• [Your goal]: Every line from the one with "Lanyard in PET" through the last line below should be repeated exactly; pictures stay out of the copy.

Image-caption web data:
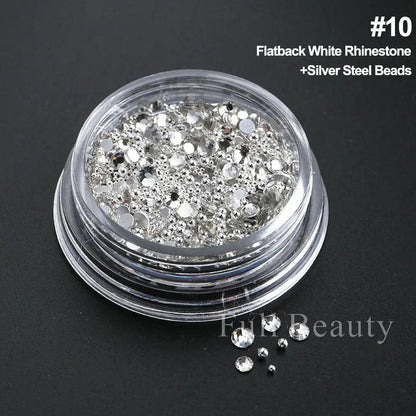 Crystal White Nail Rhinestones Glitter Wedding Bride Design Flatback Gems Charms Beads 3D Nail Art Decoration DIY Parts LAS-008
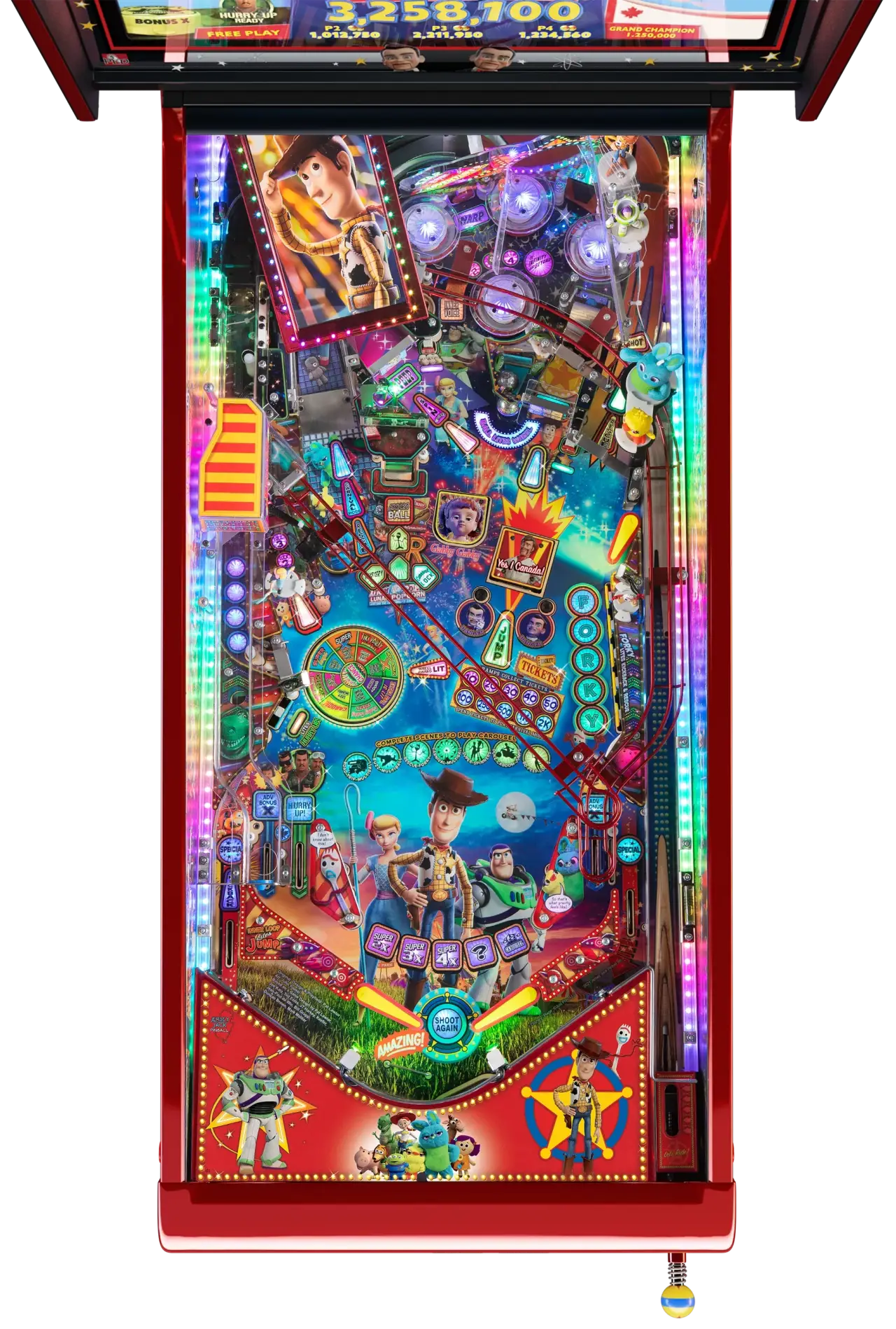 Toy Story 4 pinball official cabinet or playfield detail 2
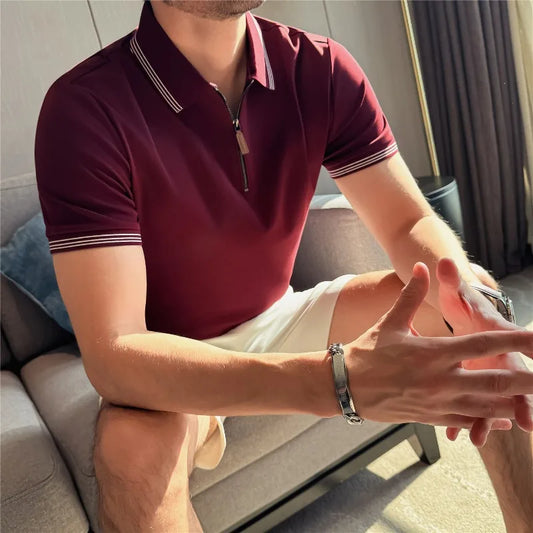 Polo Uomo Elasticizzata Tinta Unita Estiva Casual Sportiva con Cerniera Manica Corta Moda Slim Fit Abbigliamento Uomo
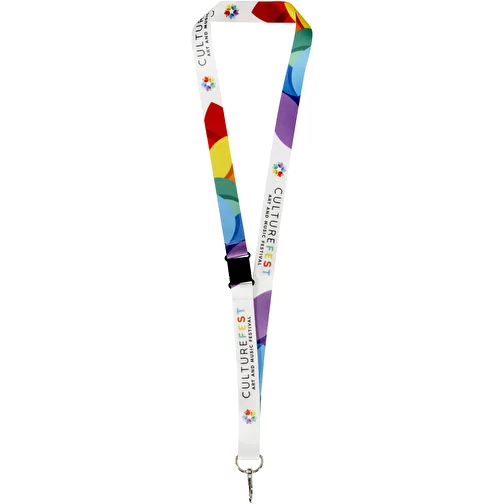 Lanyard in PET riciclato con stampa in sublimazione e sgancio di sicurezza Lois, Immagine 1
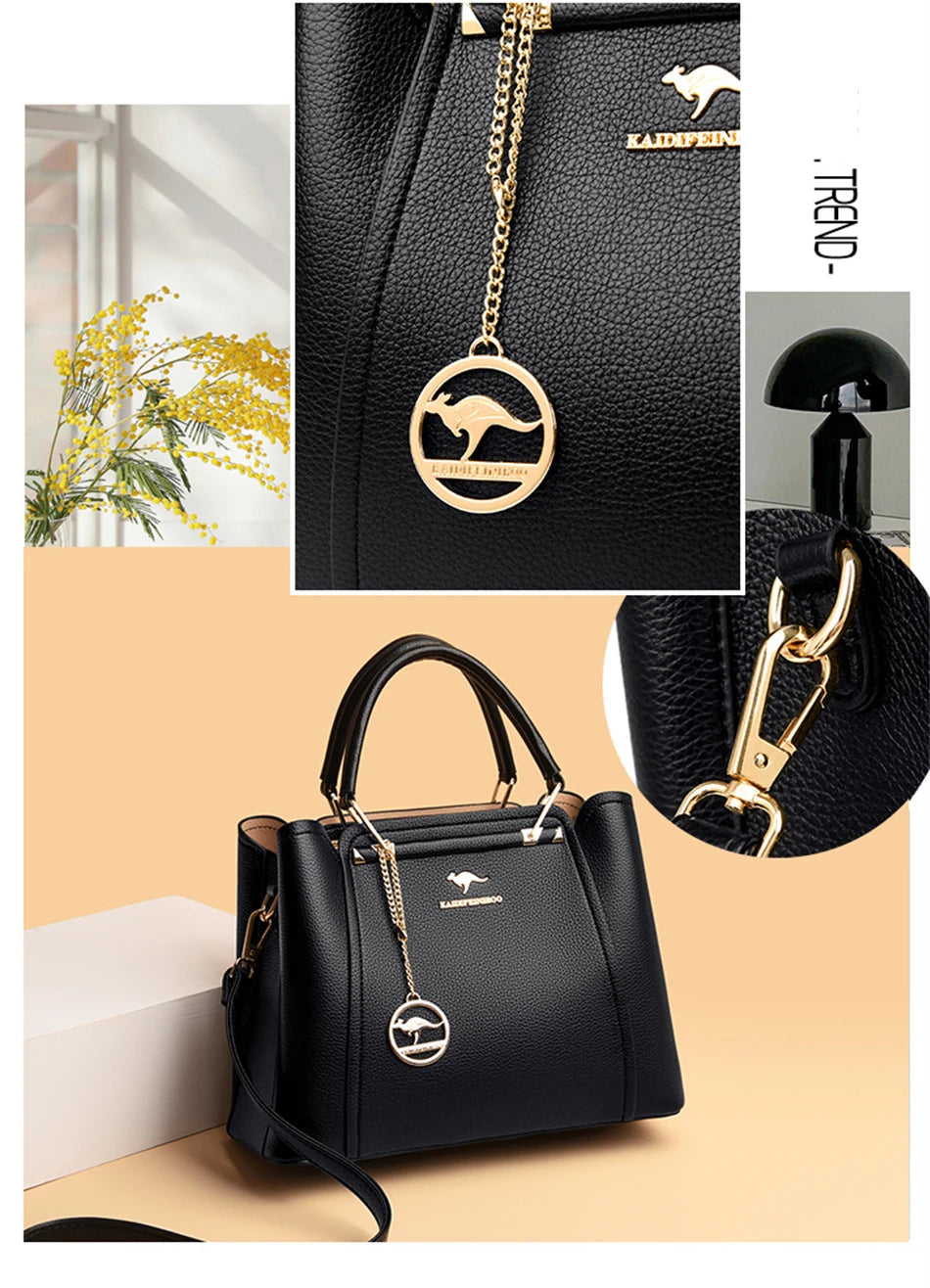 2024 Luxury Women Designer 3 Layers Shoulder Crossbody Sac Ladies Large Capacity Leather Handbags Shopper Brand Messenger Totes Quick Pick Grocers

• [Exercise output]:
 Lanyard in PET riciclato con stampa in sublimazione e sgancio di sicurezza Lois, Immagine 1
 2024 Luxury Women Designer 3 Layers Shoulder Crossbody Sac Ladies Large Capacity Leather Handbags Shopper Brand Messenger Totes Quick Pick Grocers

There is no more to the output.